** Work to be completed **
Dropping every picture, set down exactly the lines in the entries below, starting with the line with "Southgate passerella e" and going on through the line with "1957 Ford Thunderbird".

** Data to use **
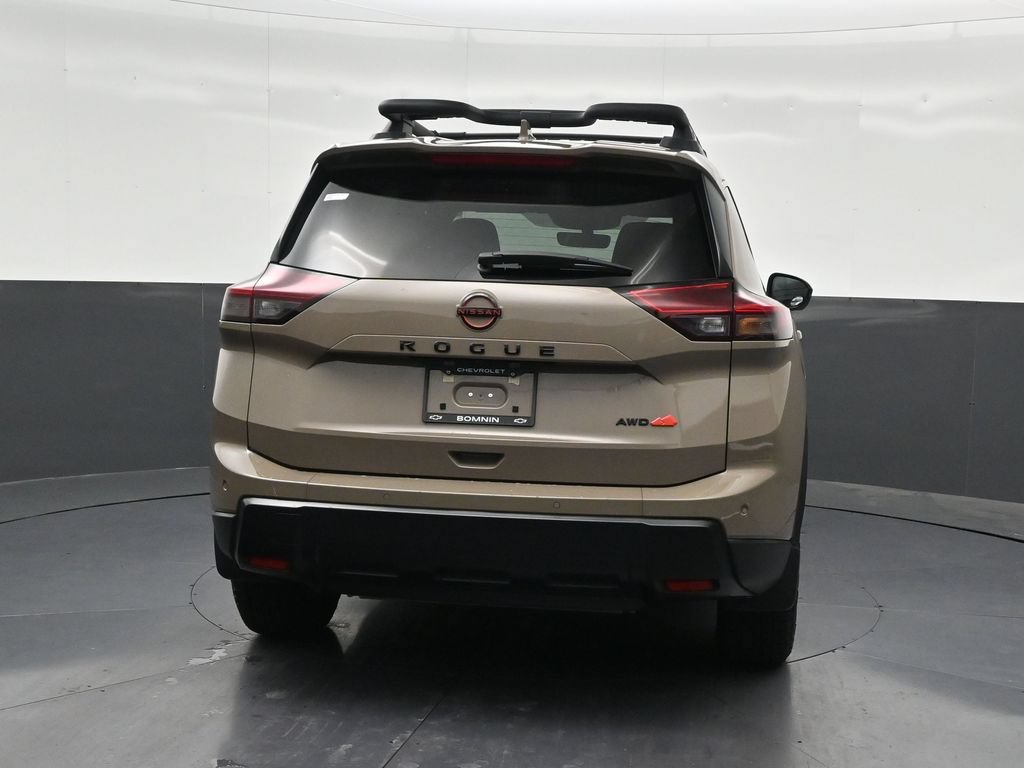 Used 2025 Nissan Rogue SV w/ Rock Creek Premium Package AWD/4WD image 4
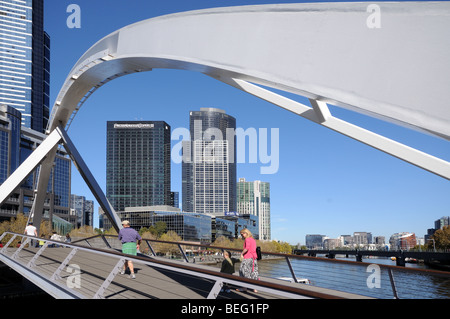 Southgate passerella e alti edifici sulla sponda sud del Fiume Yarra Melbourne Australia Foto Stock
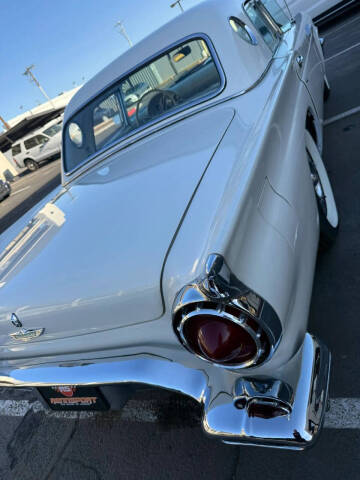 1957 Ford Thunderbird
==
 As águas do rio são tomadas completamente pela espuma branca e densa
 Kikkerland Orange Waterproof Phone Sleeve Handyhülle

** Output of the task **
 Southgate passerella e alti edifici sulla sponda sud del Fiume Yarra Melbourne Australia Foto Stock
 1957 Ford Thunderbird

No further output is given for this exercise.